Amidst a backdrop of sluggish economic growth and political turnover, legislators in Thailand recently passed the 2026 budget, giving us a window into the country’s fiscal condition and how it plans to try and revive growth in the year ahead. At 3.8 trillion baht (roughly $116 billion), spending is set to increase 0.7 percent compared to the previous budget of 3.75 trillion. The plan includes stimulus measures, but they are notably scaled back compared to recent years.
As with any budget analysis, we start with the overall economic picture. Since the COVID-19 pandemic, Thailand has been battered by economic headwinds, including rising geopolitical and trade tensions. The economy expanded by around 2.5 percent in 2024, and that figure is expected to fall further to 2.2 percent in 2025. This means despite big injections of cash through the digital wallet scheme, growth is continuing to slow as global economic conditions become more challenging. It’s a far cry from 2017 and 2018, when the economy was growing more than 4 percent a year.
There’s no big mystery here. Thailand successfully built itself into a regional export powerhouse, which means economic activity has for many years been based around exporting surplus production and services like tourism. But the current state of the global economy, rife with protectionism, economic nationalism, and a wildly unpredictable United States, is an unfriendly environment for net exporters like Thailand. Tourism remains below its pre-pandemic peak, and inbound arrivals may be lower this year than last year.
To compensate for slowing growth, and the weak recovery in exports, the government has had to run large fiscal deficits ever since the pandemic. Some countries in the region, like Singapore and Malaysia, have been narrowing or eliminating their deficits. Others, like Indonesia and the Philippines, continue to run deficits but have higher growth rates, which places less strain on the government’s fiscal capacity.

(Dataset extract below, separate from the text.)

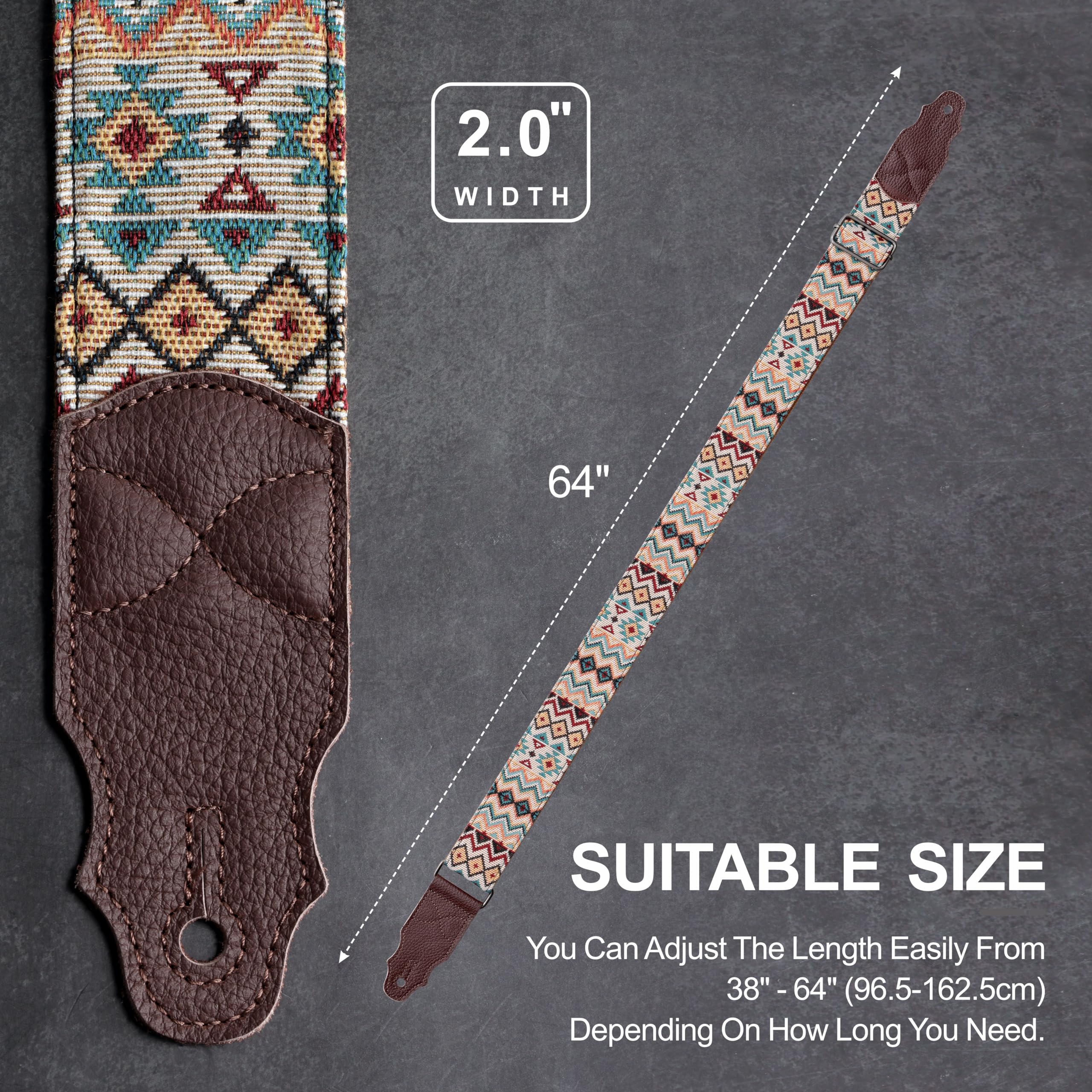 Guitar Strap, Head Layer Cowhide Leather End, 2 Inches Wide, for Acoustic and Bass Electric Guitars, Free Button, 2 Strap Locks and 4 Guitar Picks Light Boho - Image 7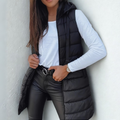 Casual sleeveless hooded long puffer vest for women | Rain -1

In Thailand, the 2026 budget envisions a deficit of 860 billion baht ($26 billion), about 4.3 percent of GDP. This is based on optimistic projections that the economy will grow between 2.3 and 3.3 percent in 2026. The Asian Development Bank recently estimated that Thailand’s economic growth would come in much lower than that, at 1.6 percent in 2026. Whatever the final number is, it seems likely that deficits will remain a key feature of Thailand’s fiscal reality for a while.
What are the spending priorities for 2026? Based on preliminary spending reports, it seems that from last year’s appropriated budget of 3.75 trillion, only 90 percent was actually spent in the 2025 fiscal year. The majority of this surplus was realized from the Central Fund, a large spending pot under the control of the prime minister. Much of this savings comes from the government’s decision to cancel the final phase of the digital wallet program earlier this year. The unused funds will reportedly be rolled over to help fund more targeted economic stimulus measures in 2026.
These include an injection of capital for state-owned Bank for Agriculture and Agricultural Co-operatives, and funds for millions of welfare card holders. This is intended to cushion the impact of rising living costs, and offer debt relief for cash-strapped borrowers. The idea is that consumers need to spend more to offset weak exports, and subsidies and debt relief will help with this. Many analysts previously noted that targeted policies like these would probably be a more effective way to do stimulus than the digital wallet, which sacrificed precision for scale.
Of course, Thailand moved forward with the digital wallet anyway and the state now finds its fiscal capacity under some pressure. As a result, the size of these new measures is relatively modest. The budget for the subsidy scheme is reportedly 62 billion baht or roughly $2 billion. This will help, but with an economy the size of Thailand’s, it’s unlikely to be a decisive course corrector. For now, Thailand’s economic and fiscal realities are forcing the government into something of a holding pattern, doing their best to pump more targeted stimulus into the economy while borrowing to cover deficits.
If things continue like this, the government may begin contemplating spending cuts. This would of course be unpopular, and infighting among Thailand’s political class makes crafting an effective response even more difficult at a time when strong leadership and good policies are most needed. The alternative is to continue treading water in the hope that conditions in the global economy will ease, and exports will recover. If that is the plan, I would merely note that Donald Trump still has three years left in office.